- Kadamjay
- Coordinates: 40°7′36″N 71°43′25″E﻿ / ﻿40.12667°N 71.72361°E
- Country: Kyrgyzstan
- Region: Batken Region
- District: Kadamjay District
- Elevation: 1,030 m (3,380 ft)

Population (2021)
- • Total: 14,049
- Time zone: UTC+6

= Kadamjay =

Kadamjay (Кадамжай; Кадамжай, earlier also Кадамджай) is a city located in Kadamjay District of Batken Region of Kyrgyzstan. Its population was 14,049 in 2021. It is the administrative seat of Kadamjay District. Kadamjay is located between the towns of Aydarken (Khaidarkan) (to the west) and Kyzyl-Kyya (to the east), and north of the Uzbek exclave Shohimardon. The river Shohimardonsoy (Kyrgyz: Shaymerden) passes through Kadamjay.

From 1937 until 2006, the town was officially known as "Frunze". The village adjacent to it from the north, now Pülgön, was called "Frunzenskoye". In 2012, when Kadamjay was elevated to city status, it absorbed the villages Pülgön, Tash-Kyya and Chal-Tash.

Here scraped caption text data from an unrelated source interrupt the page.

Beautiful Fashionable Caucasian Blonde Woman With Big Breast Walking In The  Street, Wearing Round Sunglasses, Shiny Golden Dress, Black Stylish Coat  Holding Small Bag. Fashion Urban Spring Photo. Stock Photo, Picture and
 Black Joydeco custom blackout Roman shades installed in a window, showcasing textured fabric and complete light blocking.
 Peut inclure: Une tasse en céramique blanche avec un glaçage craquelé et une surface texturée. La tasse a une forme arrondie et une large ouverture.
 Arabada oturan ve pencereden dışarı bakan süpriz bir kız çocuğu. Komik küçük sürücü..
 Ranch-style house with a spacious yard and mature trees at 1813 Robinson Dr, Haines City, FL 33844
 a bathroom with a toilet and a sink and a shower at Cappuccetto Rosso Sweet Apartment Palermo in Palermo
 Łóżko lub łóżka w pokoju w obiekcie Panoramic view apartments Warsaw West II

Kadamjay district is thought to have the second largest mercury-antimony deposit in the world. Kadamjay Antimony Factory is one of the biggest factories in Kyrgyzstan; it is the main employer in the city. Aydarken Mercury Plant, built in 1942, was reported, as of 2005, to produce 300 to 600 metric tons of mercury per year.

"Metallurg Kadamjay" is the main football club, which was the 1997 champion in Kyrgyzstan. Kyrgyz-Turkish Kadamjay Semetei High School, Kyrgyz High School, 40-years (40-лет) and Babajan Aitmatov are the main schools of Kadamjay.